Im Berliner Humboldt-Forum diskutierten Vertreter verschiedener Disziplinen die Frage: "Wem gehört die Kultur?" Genauer: Wie geht man mit dem kulturellen Eigentum anderer Nationen um? Eine Frage, die auch das Humboldt-Forum beschäftigt, schließlich übernimmt es mit der Präsentation ethnologischer Sammlungen auch eine große Verantwortung.
Tomas Fitzel war vor Ort und berichtet im Deutschlandfunk Kultur von einer sachlichen Diskussion. Die eingangs gestellte Frage, wem die Kultur gehöre, könne man so nicht beantworten, erklärt er nach diesem Abend, alleine schon weil es die Kultur im Singular nicht gebe. Auch sei die Frage falsch gestellt. Die Sozialanthropologin Sharon Macdonald, die mit auf dem Podium saß, wollte stattdessen wissen: "Zu welcher Kultur gehöre ich eigentlich?"

"Wir leben in einer Welt der asymmetrischen Konflikte"

Den Kunsthistoriker Henry John Drewal regte darüber hinaus der Umstand, dass das Humboldt-Forum in der Nachbildung des Berliner Schlosses residiert, zu einer Betrachtung über Kultur und Macht an.
Auf dem Podium berichtete er, in einer Architekturzeitschrift gelesen zu haben, das Berliner Schloss verkörpere die Idee von Symmetrie und Größe. "Aber", gab er zu bedenken, "wir leben in einer Welt der asymmetrischen Konflikte, zwischen dem Globalen Süden und dem Globalen Norden. Und das ist die zentrale Frage an uns und zugleich die wichtigste Herausforderung."
Der einzige Podiumsteilnehmer aus dem Globalen Süden, der aus dem Senegal stammende Kunsthistoriker Abdoulaye Touré, wollte indes wissen, welche Museumsidee sich in Afrika entwickeln könnte, die nicht als koloniales Vermächtnis angesehen werde und eher an die Bedürfnisse der Menschen vor Ort angepasst sei.
"Die meisten heutigen Museen in Afrika entstanden im Kontext der Kolonialreiche, aber das heißt nicht, dass die Idee des Museums erst im Kolonialismus entstand. Es gab schon davor Formen der Aufbewahrung und Weitergabe des kulturellen Erbes."

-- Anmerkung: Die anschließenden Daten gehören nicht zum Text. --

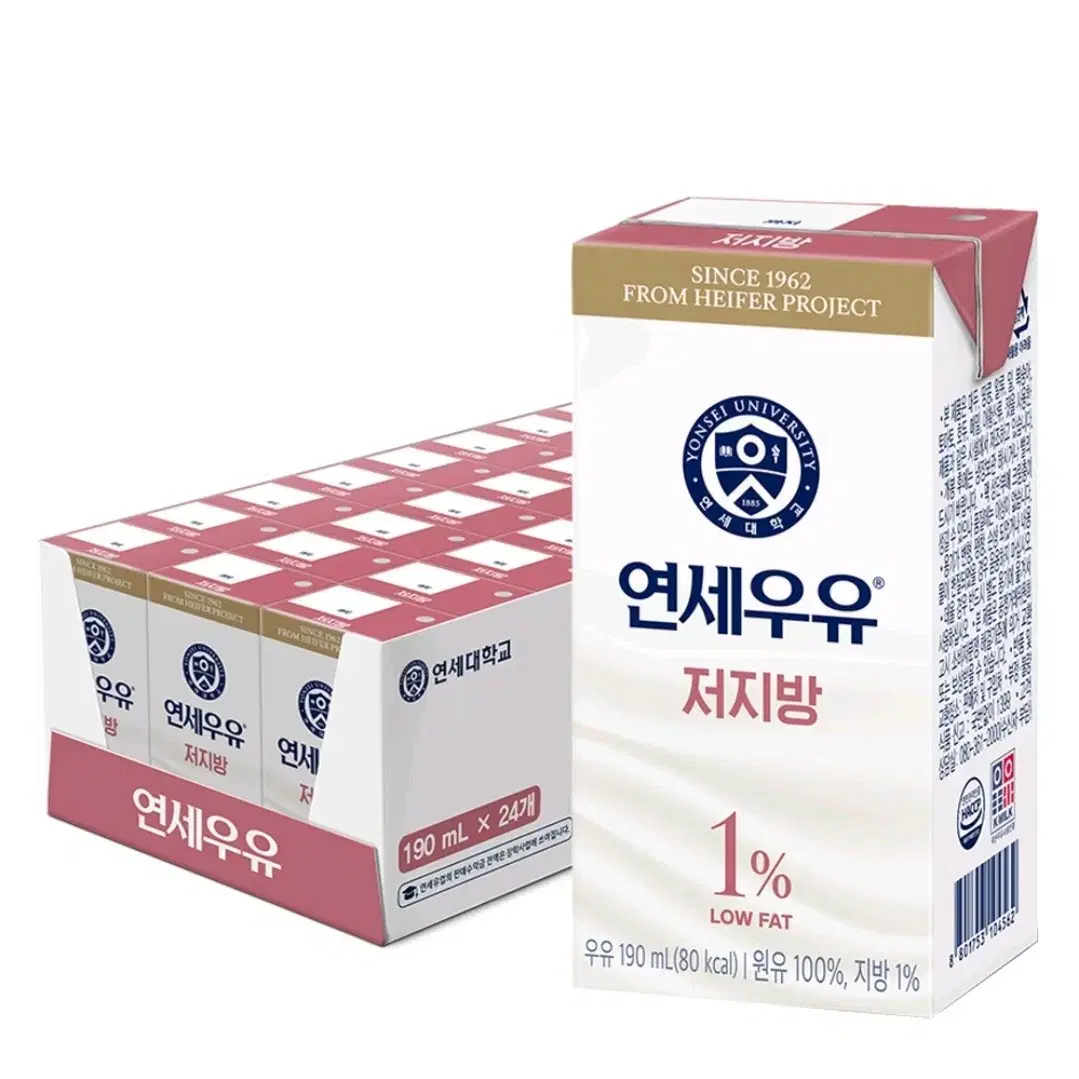 연세우유 저지방. 190ml,24팩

Kulturgüter schützen und zugänglich machen

Drewal schlug einen Ort des Streits vor, einen Ort, der verschiedene Meinungen abbildet und Fragen aufwirft, in dem nicht alles etikettiert und klar zugeordnet wird. Interessanter sei das, was wir nicht sehen, was tausendfach in den Depots der Museen gehortet werde.
Die Pariser Anwältin Corinne Hershkovitch gab zu bedenken, dass es zwar eine gute Idee sei, Kulturgüter zu schützen und zu bewahren, aber wenn diese dabei in Depots gehortet, also zu totem Kapital würden, sei dies auch nicht der richtige Weg.
Festzuhalten bleibt also: "Museen müssen sehr viel beweglicher werden, sich öffnen, Fragen zulassen und Streitraum werden."